NOTE : Ce texte a d’abord été publié sur une autre version du blogue Parathéâtre

Jack Layton, ce matin, doit ressentir une incontrôlable euphorie.  Mais également un puissant vertige.

Non seulement doit-il essayer de freiner Harper dans ses projets militaristes et dans ses rêves de réduire les impôts des grandes entreprises, mais il est devenu le représentant des Québécois sur la colline du Parlement.  Ce n’est pas une mince tâche.

Je souhaite de tout cœur que Layton soit l’homme de la situation et qu’il arrive à défendre les valeurs québécoises.  Je souhaite le croire lorsqu’il affirme être en mesure de mettre de côté sa vision centralisatrice pour préserver certains acquis des provinces et surtout du Québec.

Mais ne nous leurrons pas.

Avec une telle majorité, Stephen Harper fera comme bon lui semble.  Et si jamais ce bon Jack réussit à freiner l’abolition du registre des armes à feu ou arrive simplement à débattre de l’achat des F-35, il n’arrivera jamais à imposer à la Chambre des sujets qui lui sont chers.

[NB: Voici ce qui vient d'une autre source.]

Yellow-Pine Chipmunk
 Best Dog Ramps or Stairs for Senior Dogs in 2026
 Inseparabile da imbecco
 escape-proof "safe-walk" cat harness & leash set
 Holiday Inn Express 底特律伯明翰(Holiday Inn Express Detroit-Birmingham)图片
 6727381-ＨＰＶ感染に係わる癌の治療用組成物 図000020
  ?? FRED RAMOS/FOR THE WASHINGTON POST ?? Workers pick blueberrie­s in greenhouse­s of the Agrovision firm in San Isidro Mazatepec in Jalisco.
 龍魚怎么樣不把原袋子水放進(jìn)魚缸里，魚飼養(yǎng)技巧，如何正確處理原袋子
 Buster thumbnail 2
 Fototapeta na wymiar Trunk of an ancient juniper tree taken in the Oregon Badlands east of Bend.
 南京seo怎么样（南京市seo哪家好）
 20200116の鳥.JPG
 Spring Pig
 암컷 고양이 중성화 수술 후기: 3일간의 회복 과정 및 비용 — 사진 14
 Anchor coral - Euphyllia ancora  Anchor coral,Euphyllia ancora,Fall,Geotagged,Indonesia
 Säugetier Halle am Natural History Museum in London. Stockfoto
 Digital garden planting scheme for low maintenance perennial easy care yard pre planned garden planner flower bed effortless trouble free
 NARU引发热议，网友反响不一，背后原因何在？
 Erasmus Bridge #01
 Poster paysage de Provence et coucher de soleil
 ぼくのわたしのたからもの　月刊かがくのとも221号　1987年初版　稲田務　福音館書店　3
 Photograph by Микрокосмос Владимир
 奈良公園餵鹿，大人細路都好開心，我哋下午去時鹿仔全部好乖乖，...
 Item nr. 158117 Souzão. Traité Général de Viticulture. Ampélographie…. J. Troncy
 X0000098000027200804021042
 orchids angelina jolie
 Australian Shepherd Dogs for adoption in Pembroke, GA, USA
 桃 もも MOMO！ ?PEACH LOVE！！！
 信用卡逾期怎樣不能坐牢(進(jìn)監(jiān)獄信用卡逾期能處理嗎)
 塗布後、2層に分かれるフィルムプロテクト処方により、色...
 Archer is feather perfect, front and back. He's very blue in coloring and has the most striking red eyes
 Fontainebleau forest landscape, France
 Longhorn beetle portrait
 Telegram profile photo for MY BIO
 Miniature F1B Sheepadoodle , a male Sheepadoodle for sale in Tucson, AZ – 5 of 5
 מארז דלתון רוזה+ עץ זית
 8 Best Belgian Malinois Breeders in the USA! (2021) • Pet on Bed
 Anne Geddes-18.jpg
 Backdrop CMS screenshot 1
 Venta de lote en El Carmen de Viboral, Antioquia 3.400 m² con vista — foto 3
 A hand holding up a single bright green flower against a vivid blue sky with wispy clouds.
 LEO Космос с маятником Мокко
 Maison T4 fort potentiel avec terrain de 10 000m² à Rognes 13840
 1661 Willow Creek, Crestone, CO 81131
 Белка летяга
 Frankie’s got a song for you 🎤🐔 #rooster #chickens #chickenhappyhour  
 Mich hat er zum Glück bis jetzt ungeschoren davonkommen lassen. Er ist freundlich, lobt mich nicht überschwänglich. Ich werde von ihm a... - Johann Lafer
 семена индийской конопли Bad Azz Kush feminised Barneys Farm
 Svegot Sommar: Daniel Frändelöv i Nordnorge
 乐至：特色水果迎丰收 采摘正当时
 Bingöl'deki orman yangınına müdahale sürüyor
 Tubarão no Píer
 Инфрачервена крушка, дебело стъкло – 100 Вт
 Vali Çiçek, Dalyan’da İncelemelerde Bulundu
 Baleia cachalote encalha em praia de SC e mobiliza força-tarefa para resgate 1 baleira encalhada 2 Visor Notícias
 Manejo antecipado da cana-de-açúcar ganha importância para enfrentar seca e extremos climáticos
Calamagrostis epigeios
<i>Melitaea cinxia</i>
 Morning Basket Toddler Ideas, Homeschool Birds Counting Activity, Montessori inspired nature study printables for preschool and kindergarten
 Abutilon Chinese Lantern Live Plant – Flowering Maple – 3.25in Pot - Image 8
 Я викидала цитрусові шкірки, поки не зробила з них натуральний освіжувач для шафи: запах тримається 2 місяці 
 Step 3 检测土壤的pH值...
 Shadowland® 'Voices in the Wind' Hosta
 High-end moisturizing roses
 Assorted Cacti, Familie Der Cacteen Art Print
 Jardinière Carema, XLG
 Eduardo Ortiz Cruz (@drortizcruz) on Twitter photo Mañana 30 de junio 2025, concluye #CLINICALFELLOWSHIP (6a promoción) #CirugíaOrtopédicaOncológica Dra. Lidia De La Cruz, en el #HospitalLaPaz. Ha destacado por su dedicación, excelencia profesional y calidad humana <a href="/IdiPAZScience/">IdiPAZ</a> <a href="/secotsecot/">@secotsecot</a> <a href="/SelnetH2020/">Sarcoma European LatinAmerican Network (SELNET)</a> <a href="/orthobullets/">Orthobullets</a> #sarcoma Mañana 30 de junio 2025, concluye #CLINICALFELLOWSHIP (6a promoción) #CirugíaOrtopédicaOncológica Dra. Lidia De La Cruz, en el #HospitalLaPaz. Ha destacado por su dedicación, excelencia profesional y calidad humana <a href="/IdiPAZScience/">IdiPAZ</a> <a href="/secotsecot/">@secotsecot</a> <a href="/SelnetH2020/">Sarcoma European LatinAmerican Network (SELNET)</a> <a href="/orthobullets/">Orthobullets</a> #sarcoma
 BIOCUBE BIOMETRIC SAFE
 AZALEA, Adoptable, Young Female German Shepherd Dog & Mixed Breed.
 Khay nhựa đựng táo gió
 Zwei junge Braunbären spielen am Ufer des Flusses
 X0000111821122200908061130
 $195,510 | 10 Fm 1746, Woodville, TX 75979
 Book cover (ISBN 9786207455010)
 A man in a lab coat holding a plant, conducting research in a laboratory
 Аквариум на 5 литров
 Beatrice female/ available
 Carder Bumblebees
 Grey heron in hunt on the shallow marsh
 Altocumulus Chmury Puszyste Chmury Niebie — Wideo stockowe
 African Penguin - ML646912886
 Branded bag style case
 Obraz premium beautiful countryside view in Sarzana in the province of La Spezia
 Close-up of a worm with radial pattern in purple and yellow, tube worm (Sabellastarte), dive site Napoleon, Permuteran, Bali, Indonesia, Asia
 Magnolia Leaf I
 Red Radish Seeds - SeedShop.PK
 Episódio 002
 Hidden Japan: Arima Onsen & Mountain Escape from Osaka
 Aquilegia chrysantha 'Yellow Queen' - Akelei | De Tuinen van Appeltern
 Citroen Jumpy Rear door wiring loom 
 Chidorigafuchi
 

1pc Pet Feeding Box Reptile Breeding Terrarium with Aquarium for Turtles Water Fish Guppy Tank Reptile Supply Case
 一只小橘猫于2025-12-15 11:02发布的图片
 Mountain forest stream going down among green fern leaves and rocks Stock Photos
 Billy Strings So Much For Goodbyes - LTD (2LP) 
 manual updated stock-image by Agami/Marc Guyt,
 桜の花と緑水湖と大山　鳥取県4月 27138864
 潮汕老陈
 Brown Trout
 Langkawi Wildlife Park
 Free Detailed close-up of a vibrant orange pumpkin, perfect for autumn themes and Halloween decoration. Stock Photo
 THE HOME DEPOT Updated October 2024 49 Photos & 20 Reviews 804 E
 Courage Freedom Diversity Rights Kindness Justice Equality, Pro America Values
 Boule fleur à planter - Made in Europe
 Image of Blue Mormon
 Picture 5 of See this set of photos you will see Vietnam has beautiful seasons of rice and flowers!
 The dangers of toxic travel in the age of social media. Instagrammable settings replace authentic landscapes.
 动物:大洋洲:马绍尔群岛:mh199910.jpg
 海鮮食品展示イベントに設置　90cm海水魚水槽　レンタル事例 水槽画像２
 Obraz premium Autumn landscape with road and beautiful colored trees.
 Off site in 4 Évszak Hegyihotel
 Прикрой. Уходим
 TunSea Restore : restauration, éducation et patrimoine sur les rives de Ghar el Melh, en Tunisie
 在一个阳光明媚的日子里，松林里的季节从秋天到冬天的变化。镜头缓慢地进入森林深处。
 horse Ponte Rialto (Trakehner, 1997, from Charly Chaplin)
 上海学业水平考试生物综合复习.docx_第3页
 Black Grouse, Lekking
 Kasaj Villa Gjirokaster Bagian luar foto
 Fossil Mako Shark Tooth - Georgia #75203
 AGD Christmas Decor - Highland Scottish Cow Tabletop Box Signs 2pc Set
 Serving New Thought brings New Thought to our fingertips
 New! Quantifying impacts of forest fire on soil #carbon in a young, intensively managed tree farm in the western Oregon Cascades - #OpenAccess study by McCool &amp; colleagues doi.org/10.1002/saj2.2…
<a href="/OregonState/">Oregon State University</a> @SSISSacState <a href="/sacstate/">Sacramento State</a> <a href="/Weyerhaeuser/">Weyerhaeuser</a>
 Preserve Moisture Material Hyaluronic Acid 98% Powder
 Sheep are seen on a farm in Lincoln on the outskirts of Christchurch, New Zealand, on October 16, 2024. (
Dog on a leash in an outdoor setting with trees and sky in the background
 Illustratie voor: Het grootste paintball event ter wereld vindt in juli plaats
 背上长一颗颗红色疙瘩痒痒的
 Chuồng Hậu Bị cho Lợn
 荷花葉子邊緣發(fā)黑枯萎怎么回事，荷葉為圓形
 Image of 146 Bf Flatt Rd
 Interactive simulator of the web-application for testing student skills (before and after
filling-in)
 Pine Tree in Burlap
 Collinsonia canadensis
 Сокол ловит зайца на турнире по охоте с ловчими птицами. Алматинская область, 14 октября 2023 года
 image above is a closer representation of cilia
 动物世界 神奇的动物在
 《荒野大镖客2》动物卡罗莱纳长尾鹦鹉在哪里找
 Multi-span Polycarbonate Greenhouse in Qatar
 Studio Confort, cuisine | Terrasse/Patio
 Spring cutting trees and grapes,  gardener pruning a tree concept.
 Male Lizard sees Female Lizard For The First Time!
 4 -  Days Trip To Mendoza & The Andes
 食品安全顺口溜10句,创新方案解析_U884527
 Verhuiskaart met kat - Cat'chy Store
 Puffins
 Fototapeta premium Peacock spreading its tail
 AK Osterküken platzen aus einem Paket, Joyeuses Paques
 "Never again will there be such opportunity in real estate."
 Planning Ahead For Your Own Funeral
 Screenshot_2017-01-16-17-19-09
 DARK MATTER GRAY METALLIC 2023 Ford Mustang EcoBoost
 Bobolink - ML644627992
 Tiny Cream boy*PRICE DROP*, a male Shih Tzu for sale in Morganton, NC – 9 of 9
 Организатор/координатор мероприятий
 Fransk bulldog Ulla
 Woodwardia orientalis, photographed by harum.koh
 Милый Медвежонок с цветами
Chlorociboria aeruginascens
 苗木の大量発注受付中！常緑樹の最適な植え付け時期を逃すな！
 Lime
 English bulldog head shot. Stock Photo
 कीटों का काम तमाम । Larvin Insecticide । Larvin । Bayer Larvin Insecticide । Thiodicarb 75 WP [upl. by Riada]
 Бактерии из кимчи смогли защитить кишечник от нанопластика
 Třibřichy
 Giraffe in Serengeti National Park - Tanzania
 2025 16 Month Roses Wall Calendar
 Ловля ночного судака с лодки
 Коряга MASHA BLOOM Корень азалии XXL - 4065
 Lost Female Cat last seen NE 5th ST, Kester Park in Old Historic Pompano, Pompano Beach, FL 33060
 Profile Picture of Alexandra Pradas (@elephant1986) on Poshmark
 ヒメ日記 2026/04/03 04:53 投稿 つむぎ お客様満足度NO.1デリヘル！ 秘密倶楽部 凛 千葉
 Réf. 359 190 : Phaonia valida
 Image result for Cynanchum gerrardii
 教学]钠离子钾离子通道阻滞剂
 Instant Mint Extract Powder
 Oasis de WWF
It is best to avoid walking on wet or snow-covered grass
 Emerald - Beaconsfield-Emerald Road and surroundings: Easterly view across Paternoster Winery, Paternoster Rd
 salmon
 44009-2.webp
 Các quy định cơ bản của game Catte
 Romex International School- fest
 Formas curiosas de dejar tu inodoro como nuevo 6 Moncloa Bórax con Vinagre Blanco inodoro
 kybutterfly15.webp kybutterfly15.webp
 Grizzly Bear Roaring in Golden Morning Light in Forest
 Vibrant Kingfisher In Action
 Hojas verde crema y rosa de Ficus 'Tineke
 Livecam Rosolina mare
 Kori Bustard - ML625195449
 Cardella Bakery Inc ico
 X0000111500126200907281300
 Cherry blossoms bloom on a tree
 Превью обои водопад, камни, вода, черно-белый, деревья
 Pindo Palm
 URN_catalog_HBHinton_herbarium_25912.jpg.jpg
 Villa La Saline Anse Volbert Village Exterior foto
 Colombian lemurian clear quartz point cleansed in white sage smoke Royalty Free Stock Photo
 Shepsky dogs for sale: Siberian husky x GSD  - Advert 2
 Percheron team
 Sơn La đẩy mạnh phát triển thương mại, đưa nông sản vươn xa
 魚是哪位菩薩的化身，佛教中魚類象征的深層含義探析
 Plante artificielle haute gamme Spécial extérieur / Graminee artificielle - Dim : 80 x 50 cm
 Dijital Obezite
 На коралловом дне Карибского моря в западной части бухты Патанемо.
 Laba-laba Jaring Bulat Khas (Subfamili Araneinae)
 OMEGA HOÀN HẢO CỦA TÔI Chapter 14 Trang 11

Imaginez le sort des artistes dans un tel contexte.  Le chef néo-démocrate leur est assurément sympathique, même s’il n’en a pas glissé mot de la campagne, mais nous pouvons être assurés qu’il ne pourra qu’opposer un timide refus aux coupures que Stephen Harper prépare dans les programmes de subventions des arts.

Je sais, le sujet n’a pas été très chaud pendant cette campagne électorale, mais c’est tout de même ce qui se prépare en catimini.

Dans un tel contexte, les artistes et les amoureux d’art n’ont absolument rien à espérer du fédéral.  Jack Layton n’y changera rien.  Il ne reste donc qu’à miser sur Québec, et à réaliser enfin que nous ne serons jamais si bien servis que par nous-mêmes.

Quand les programmes Prom’Art et Routes Commerciales ont été sabordés par Harper, le Ministère québécois de la Culture et de la Condition féminine a fait de son mieux pour réparer les pots cassés par le fédéral.  Même si elle manque de poigne, la ministre Christine St-Pierre s’avère la plupart du temps à la hauteur des combats à mener pour les artistes.  Dans le dossier de la loi C-32 sur le droit d’auteur, elle a promis de lutter aussi fort que possible contre la vision du gouvernement Harper.  Elle a aussi eu un comportement admirable devant l’affaire Cantat, refusant de céder au discours moralisateur ambiant pour se porter à la défense de la liberté artistique.  C’était la moindre des choses, diront certains, mais ce n’est pas l’attitude qu’a adoptée son homologue fédéral.

Je souhaite donc que l’on puisse se fier sur le Ministère de la Culture du Québec, qui agira dans la mesure de ses modestes moyens.

Mais j’espère que la situation nous réveillera et nous fera élire aux prochaines élections provinciales un gouvernement péquiste qui remettra la souveraineté au centre de son action et ne réduira pas l’art et la culture à néant.  Un gouvernement qui, en reprenant le contrôle sur la totalité des fonds publics, donnera à son Conseil des Arts les moyens de son action et qui ne sabotera pas les structures sociales que le Québec s’est donné à sa sortie de la Grande Noirceur.  Je souhaite bien sûr un gouvernement capable de remettre en question le fonctionnement de ses institutions (car il y a là un énorme travail à faire), mais il est absurde de mettre partout la hache, qui plus est lorsqu’on le fait simplement au nom de la rentabilité et qu’on n’arrive plus à voir le monde autrement que comme un marché à ciel ouvert.

Cela, même le PQ doit le garder en tête.  Il est loin d’être à l’abri de la montée de la droite et n’est plus le parti progressiste de l’époque de René Lévesque.  Mais il est le seul parti à pouvoir faire du Québec un pays dans lequel différentes visions pourront se faire entendre, à l’abri des chasseurs CF-18  et de l’obsession maladive de la sécurité.